- Material for this exercise

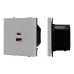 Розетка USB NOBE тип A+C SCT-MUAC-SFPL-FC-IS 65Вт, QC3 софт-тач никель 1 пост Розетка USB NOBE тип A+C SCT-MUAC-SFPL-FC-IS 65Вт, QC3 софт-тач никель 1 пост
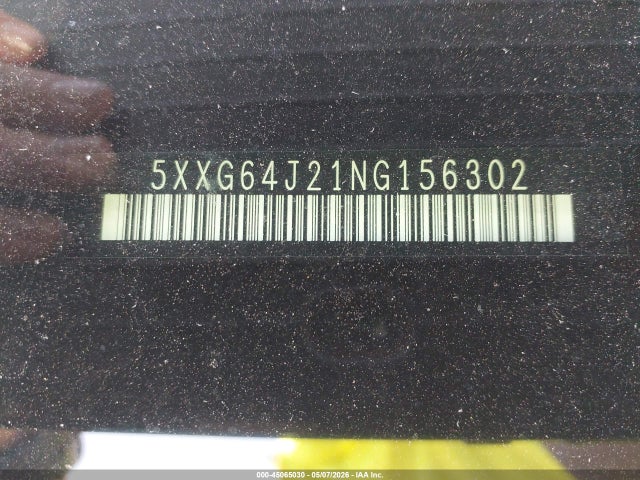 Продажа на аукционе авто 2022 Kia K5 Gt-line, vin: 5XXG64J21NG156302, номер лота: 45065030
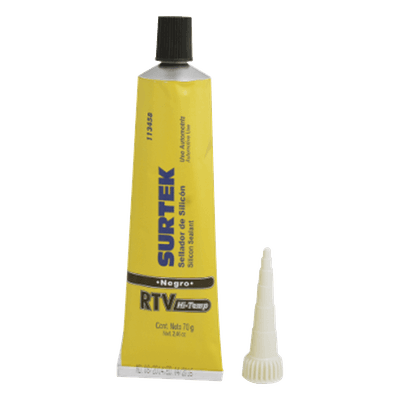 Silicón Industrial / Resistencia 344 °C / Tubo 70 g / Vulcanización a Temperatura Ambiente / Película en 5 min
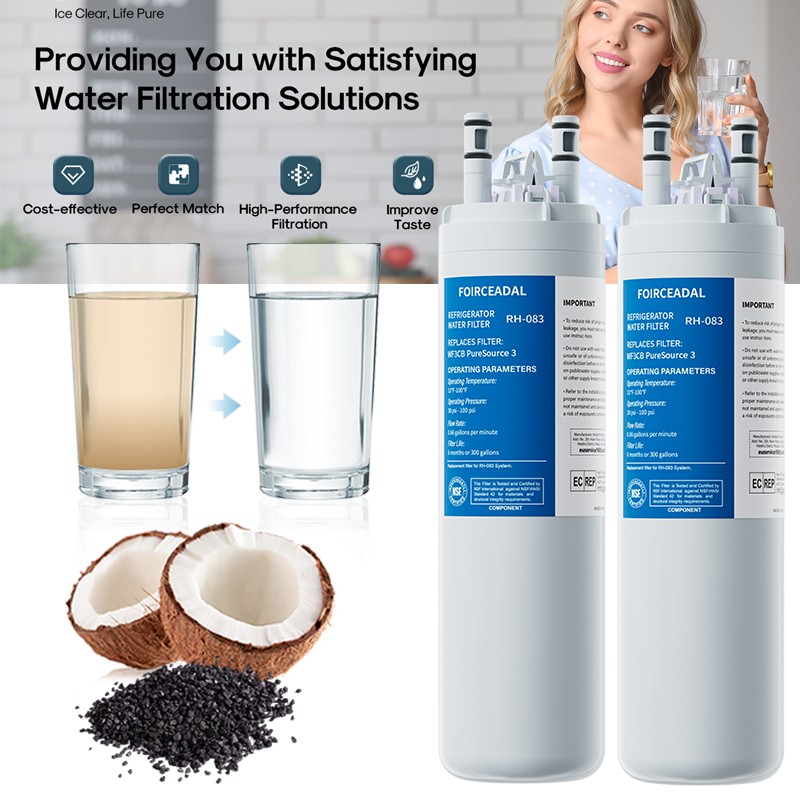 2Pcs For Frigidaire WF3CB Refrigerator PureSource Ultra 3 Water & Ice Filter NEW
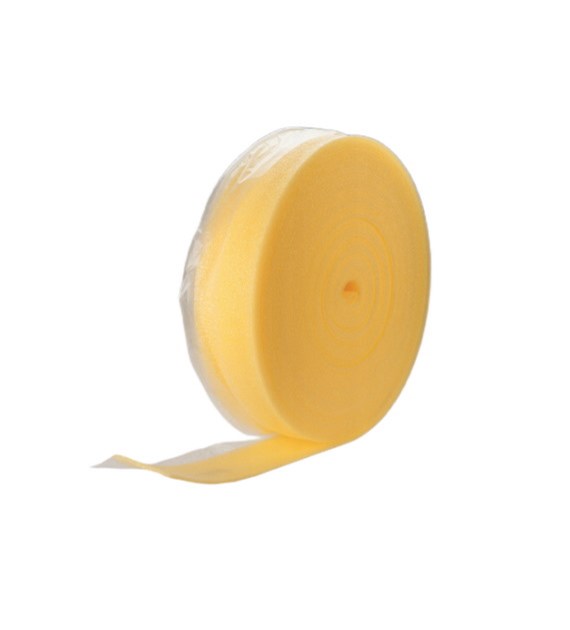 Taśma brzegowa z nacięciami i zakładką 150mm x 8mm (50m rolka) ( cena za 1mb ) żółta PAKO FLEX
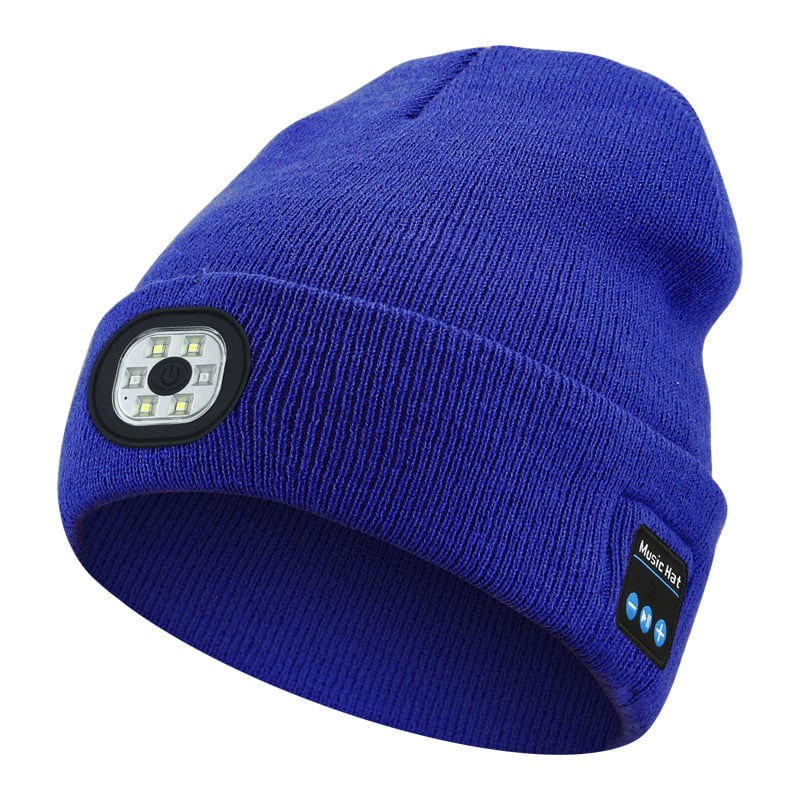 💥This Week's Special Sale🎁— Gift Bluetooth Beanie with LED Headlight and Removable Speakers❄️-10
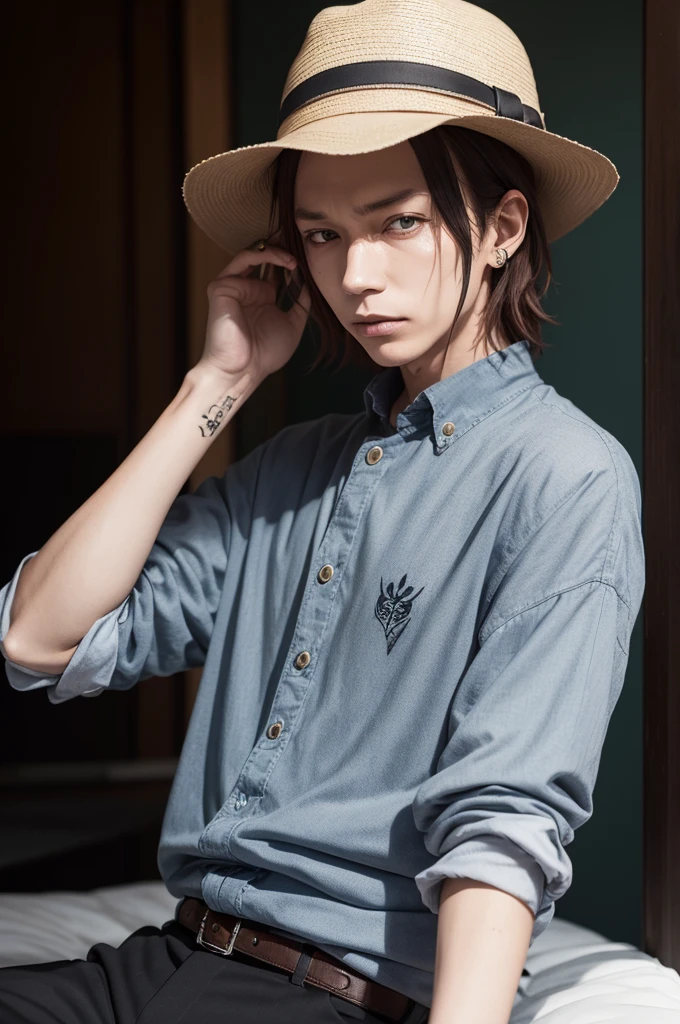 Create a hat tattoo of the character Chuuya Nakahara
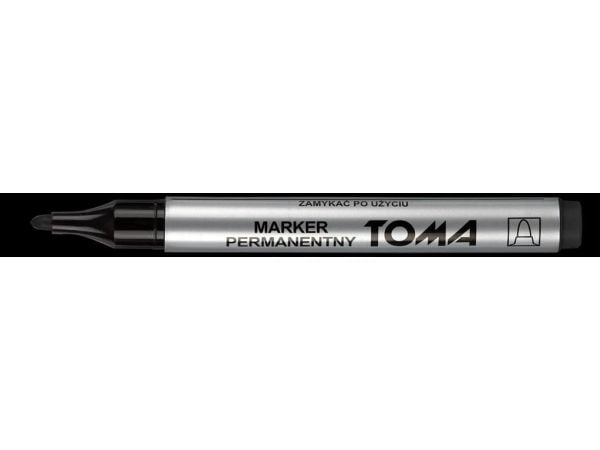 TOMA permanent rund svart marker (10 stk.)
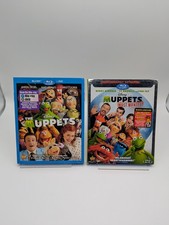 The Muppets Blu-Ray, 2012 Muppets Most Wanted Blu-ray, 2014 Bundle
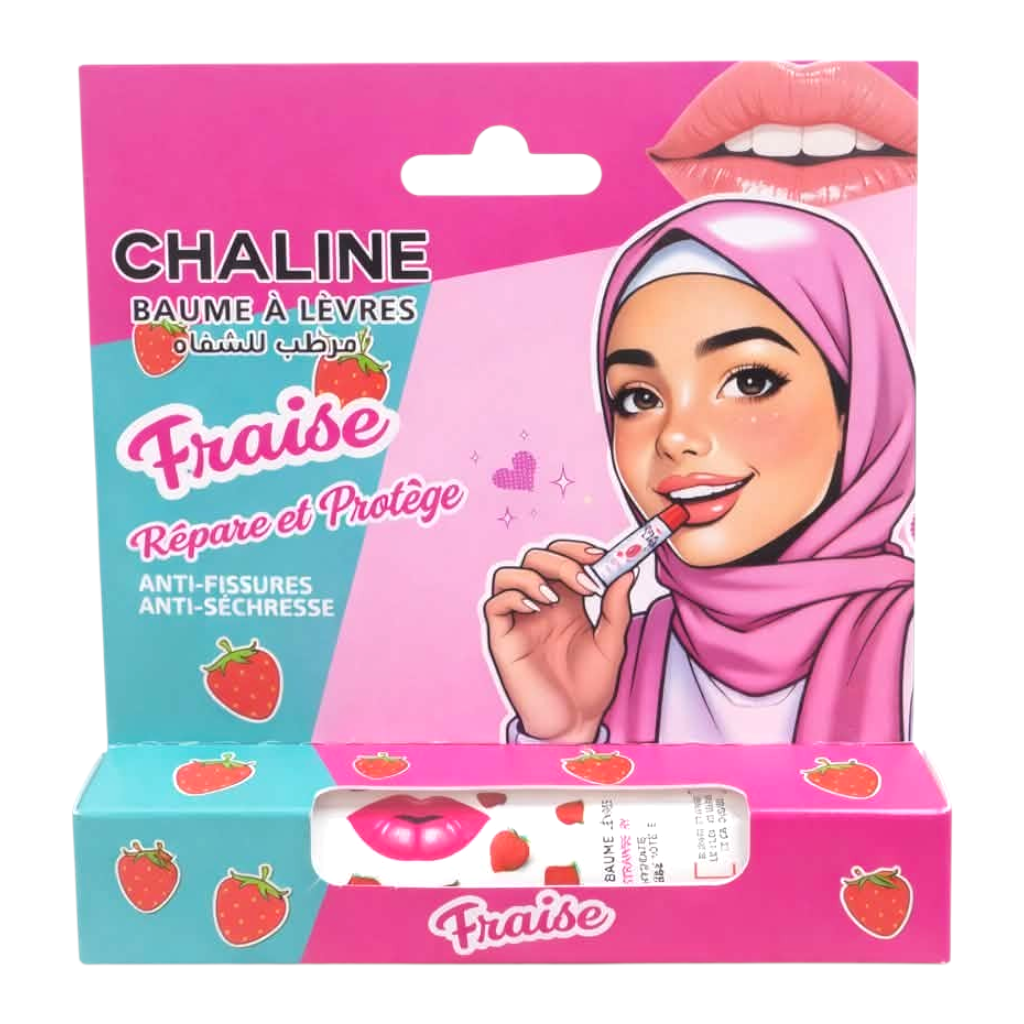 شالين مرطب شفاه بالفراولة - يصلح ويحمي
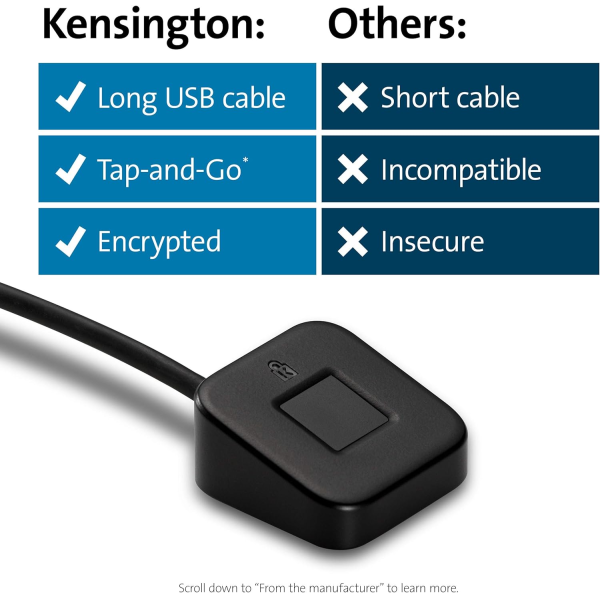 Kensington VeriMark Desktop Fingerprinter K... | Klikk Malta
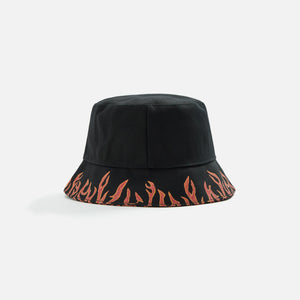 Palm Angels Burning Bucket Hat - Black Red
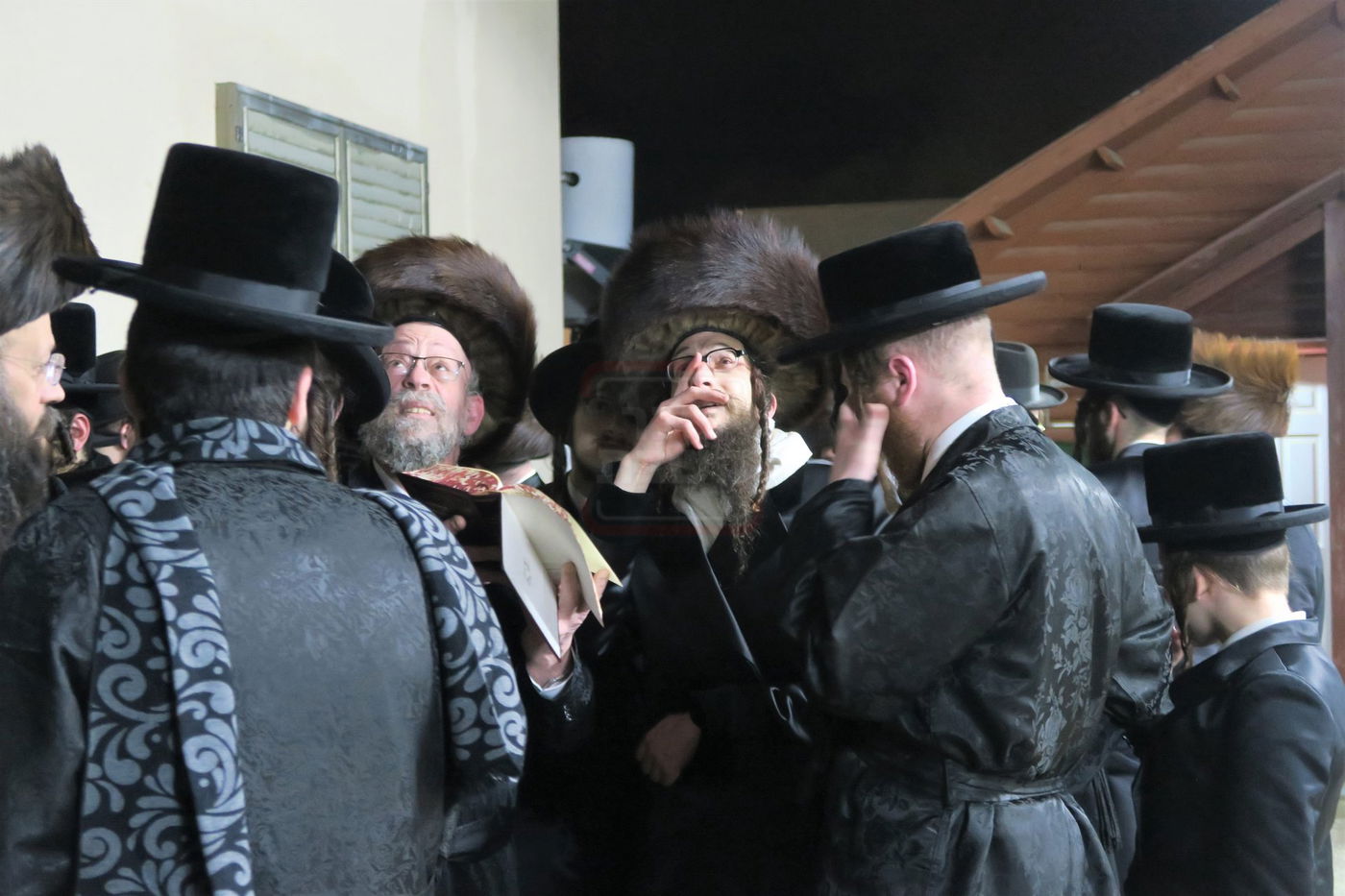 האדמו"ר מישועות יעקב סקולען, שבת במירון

- Your assignment
Text only, please: give the listing again word for word with no images.

- Response to the task
 Розетка USB NOBE тип A+C SCT-MUAC-SFPL-FC-IS 65Вт, QC3 софт-тач никель 1 пост Розетка USB NOBE тип A+C SCT-MUAC-SFPL-FC-IS 65Вт, QC3 софт-тач никель 1 пост
 Продажа на аукционе авто 2022 Kia K5 Gt-line, vin: 5XXG64J21NG156302, номер лота: 45065030
 Silicón Industrial / Resistencia 344 °C / Tubo 70 g / Vulcanización a Temperatura Ambiente / Película en 5 min
 2Pcs For Frigidaire WF3CB Refrigerator PureSource Ultra 3 Water & Ice Filter NEW
 Taśma brzegowa z nacięciami i zakładką 150mm x 8mm (50m rolka) ( cena za 1mb ) żółta PAKO FLEX
 💥This Week's Special Sale🎁— Gift Bluetooth Beanie with LED Headlight and Removable Speakers❄️-10
 Create a hat tattoo of the character Chuuya Nakahara
 TOMA permanent rund svart marker (10 stk.)
 The Muppets Blu-Ray, 2012 Muppets Most Wanted Blu-ray, 2014 Bundle
 شالين مرطب شفاه بالفراولة - يصلح ويحمي
 Kensington VeriMark Desktop Fingerprinter K... | Klikk Malta
 Palm Angels Burning Bucket Hat - Black Red
 האדמו"ר מישועות יעקב סקולען, שבת במירון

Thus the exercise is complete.